So, there is a possibility that the applicant will not be able to recover the decretal
amount, if paid to the respondent, in the event the intended appeal succeeds.
Mr. Mujulizi, learned advocate, appeared
for the applicant. In his oral submission, he highlighted areas in which he
thought the judgment is problematic. He also spent quite some time urging that there is a possibility that the
applicant will not be able to recover the decreed sum in the event the intended
appeal succeeds. In his view, the possibility is a strong one because the
respondent is not registered in Tanzania
and has no known properties and assets in the country. In his further view, the
balance of convenience tilts in favour of granting an order for stay in that
the respondent who submitted to the jurisdiction of this country should allow
the process of justice to come to an end in our courts. On balance, therefore, an order for stay is the sensible thing
to do in the circumstances, he emphasized. In conclusion, he submitted that a
stay order could be given on such terms as the Court would deem fit. In his
opinion, the terms could include a deposit of money in order to take care of
any fear or worries on the part of the respondent.

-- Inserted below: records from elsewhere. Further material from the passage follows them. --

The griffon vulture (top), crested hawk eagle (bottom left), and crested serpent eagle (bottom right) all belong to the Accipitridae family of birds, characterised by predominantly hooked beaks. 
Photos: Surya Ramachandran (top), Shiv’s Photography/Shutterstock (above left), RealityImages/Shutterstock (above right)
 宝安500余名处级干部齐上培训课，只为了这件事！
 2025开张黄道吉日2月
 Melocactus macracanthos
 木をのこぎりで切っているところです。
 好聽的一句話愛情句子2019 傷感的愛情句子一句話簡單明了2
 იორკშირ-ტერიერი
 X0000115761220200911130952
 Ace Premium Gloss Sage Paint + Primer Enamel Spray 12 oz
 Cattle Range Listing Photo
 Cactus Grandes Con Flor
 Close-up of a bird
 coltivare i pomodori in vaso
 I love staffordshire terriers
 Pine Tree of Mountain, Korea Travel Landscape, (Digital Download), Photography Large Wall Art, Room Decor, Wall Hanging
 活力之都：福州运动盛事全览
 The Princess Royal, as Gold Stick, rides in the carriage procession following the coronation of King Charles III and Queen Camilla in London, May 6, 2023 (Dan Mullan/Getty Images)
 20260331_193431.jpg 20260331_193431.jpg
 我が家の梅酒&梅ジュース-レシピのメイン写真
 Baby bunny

Messrs. Temu and Lyimo, learned counsel,
advocated for the respondent.Mr.Temu contended that the applicant has not
specified or particularized the kind of loss that is likely to be suffered in
the event stay is not granted. He cited this Court’s decision in the case of Tanzania Cotton Marketing Board versus
Cogecot Cotton Co.ss (1997) TLR 63 in support of the point. Besides, he
went on to urge, since the matter is a purely monetary claim the applicant will
be compensated adequately by damages in case the intended appeal succeeds. As for the contention that the respondent is
a foreign company Mr.Temu was of the view that this is not a strong point
because as a commercial enterprise the respondent deals with both local and
foreign customers. At any rate, a
judgment given in Tanzania
could still be executed outside the jurisdiction by virtue of the relevant
provisions of The Reciprocal Enforcement of Foreign Judgments Act (Cap.8). On prospects of the intended appeal, he urged
that this is not a factor in granting a stay order, citing this Court’s decision
in Cogecot. On balance of convenience, he contended that
this is always struck where an order puts no party in jeopardy. In this case, the applicant should not be
allowed to continue enjoying the use of the decreed sum as if no judgment had
been awarded to the respondent.
Therefore, to strike a balance, he went on to say, an order for deposit
of the decretal sum could be made if a stay order is given.
In
supporting Mr.Temu, Mr. Lyimo was of the view that the applicant’s apprehension
that it would be costly to recover the decretal sum if stay order is withheld
is baseless because the aspect of cost has never been a factor in considering
an application for a stay of execution.
To start with, I agree with Mr.Temu that
the applicant has not given details and particulars of loss which are likely to
be incurred if the application is not granted.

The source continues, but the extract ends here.